Alleviate the Documentation Burden on Strapped Providers
Recent legislative attention on the complex PA process has focused on Medicare Advantage (MA) plans, due in part to a recent audit from the Office of the Inspector General (OIG). After reviewing a random sampling of PA denials from a 1-week period, the OIG concluded that 13% of denied requests met Medicare coverage rules and should have been approved.
The OIG determined the primary cause of these inappropriate denials was the inconsistent application of extraneous clinical criteria and plan-specific policies, which is not a problem limited to MA plans. The systemic challenges of PA also impact members of most commercial and government-funded plans, including Medicaid.
A study released by the Kaiser Family Foundation found that in-network claim denial rates by Affordable Care Act Marketplace plans varied widely in 2020, with 28 of 122 major issuers denying less than 10% of claims; 52 denying 10% to 19% of claims; 36 denying 20% to 30% of claims; and 28 denying more than 30%. At least 9% of these denials reportedly stemmed from insufficient or nonexistent authorization requests.
Given the complexity of the PA process, this is no surprise. In many cases, providers are unaware of which services require PA, as health plans’ policies are not easily accessible within the provider’s workflow. The task of completing PA requests typically requires a provider’s office to submit clinical information to a health plan’s authorization portal, following the plan’s specific processes for 278 EDI transactions and faxes. After an initial review, the health plan can ask the provider to send additional documentation, which is manually correlated to the correct case before the clinical review process begins.
As the OIG reported, one of the most common reasons for improper denials is missing or inadequate information within the PA request. In some cases, health plans denied authorization after providers failed to respond to requests for unnecessary documentation, such as additional test results. In others, the health plan’s clinical review team asked providers to send copies of documentation which was already present in the case file.
An AI-enabled authorization platform can ensure that providers submit PA requests for all services that require advance approval, as per the health plan’s policies. In addition, machine learning models can parse requests in real time to identify omitted information, prompting the provider to include the necessary documentation before submission. Such automated prompts can help streamline the administrative process for providers while reducing downstream delays and denials.

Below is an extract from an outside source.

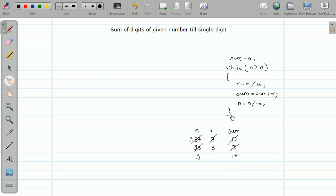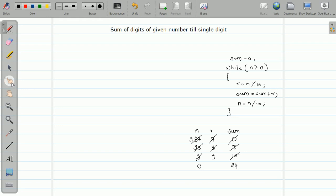It goes back to the beginning of the loop. Is n greater than 0? Yes. So 9 mod 10 is 9. This 9 will be added to the sum giving you 24. The next statement is 9 divided by 10 which gives 0. Now when it comes to the beginning of the loop, 0 is not greater than 0, so the condition evaluates to false and the loop terminates. Sum is now 24 - it is not a single digit, so we have to repeat this process for 24.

Expedite More Personalized Member Journeys
Understanding the member’s health care journey is crucial for improving outcomes. Patient access varies, especially for underserved populations. Health plans should take this variation into consideration while making determinations, as member journeys are often shaped by patient-specific factors such as out-of-pocket costs, access to transportation, and geographic location.
To identify acceptable care path variations, an intelligent UM platform can combine rich data at both the patient and population level. By integrating condition-specific data with historical clinical, claims, and outcomes data, plus social and structural drivers of health, such platforms can provide actionable intelligence at the point of authorization.
There are numerous factors that contribute to health care disparities in our country. The PA process shouldn’t be one of them. Health plans should strive to provide practices in underserved communities with intelligent, real-time decisioning, addressing the unintended consequences of manual processes on poor and minority members.